*Work request*: State how many lines in the listing below hold the string "This"; nothing else is wanted.

********************

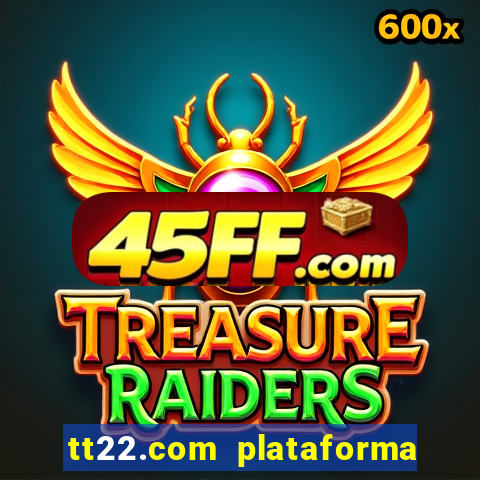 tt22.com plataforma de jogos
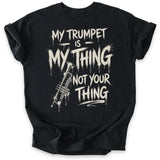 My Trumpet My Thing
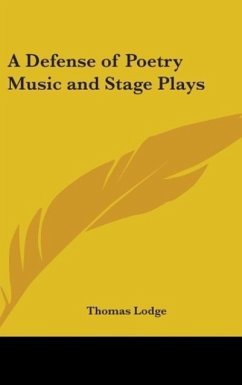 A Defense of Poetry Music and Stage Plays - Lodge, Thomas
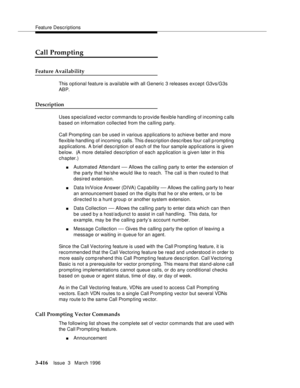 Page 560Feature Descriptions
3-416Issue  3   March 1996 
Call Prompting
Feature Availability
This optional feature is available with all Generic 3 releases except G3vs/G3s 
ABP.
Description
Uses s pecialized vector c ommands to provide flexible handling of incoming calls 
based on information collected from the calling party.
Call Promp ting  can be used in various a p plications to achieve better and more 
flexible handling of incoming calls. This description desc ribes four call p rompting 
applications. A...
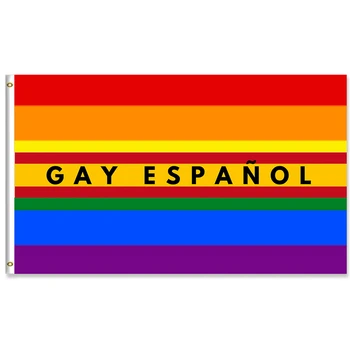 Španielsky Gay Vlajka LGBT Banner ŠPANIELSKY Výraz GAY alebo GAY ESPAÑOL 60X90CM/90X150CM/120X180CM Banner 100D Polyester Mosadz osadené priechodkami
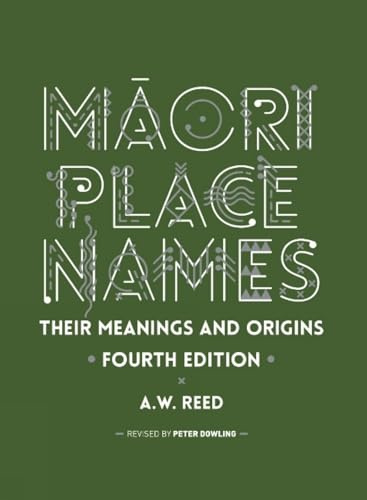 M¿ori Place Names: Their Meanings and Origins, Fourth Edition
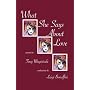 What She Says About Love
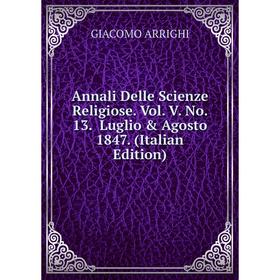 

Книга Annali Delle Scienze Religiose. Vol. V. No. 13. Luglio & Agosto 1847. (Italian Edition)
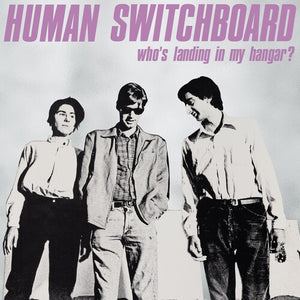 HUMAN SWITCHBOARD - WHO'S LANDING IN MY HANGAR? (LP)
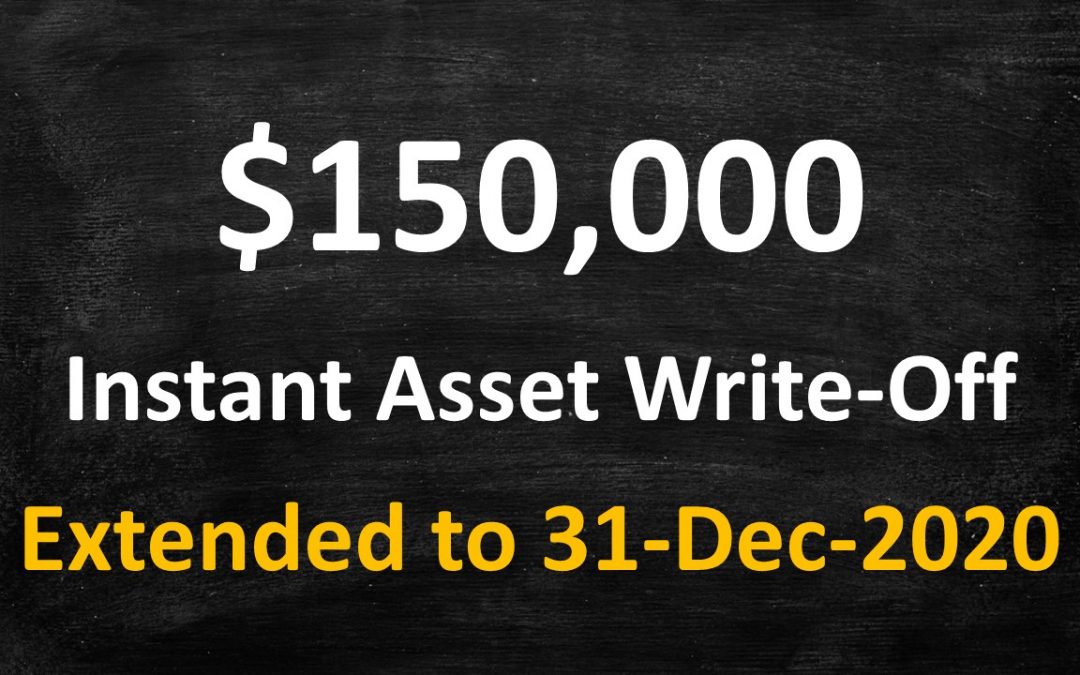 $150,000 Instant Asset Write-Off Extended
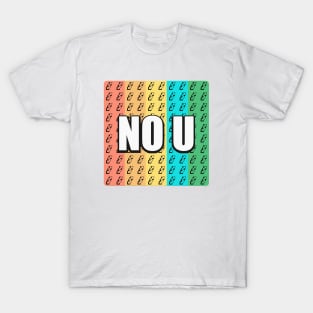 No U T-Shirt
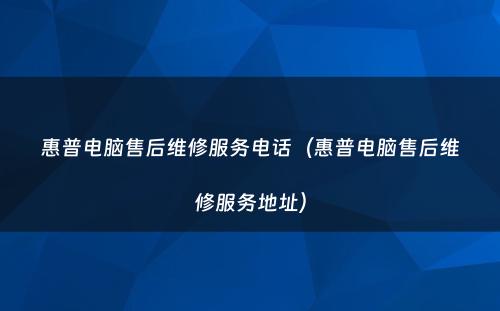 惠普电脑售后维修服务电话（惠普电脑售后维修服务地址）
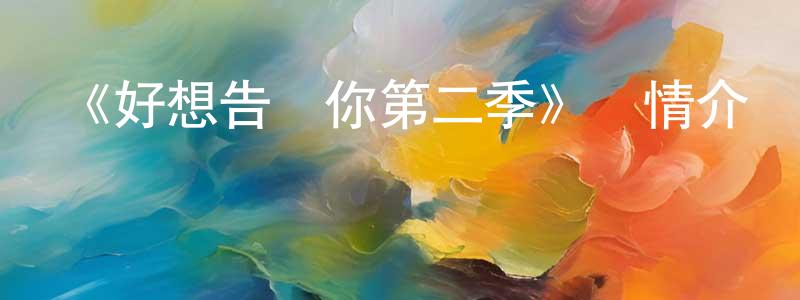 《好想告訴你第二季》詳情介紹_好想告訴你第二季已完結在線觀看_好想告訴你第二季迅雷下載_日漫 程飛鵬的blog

********************

*The answer*: 2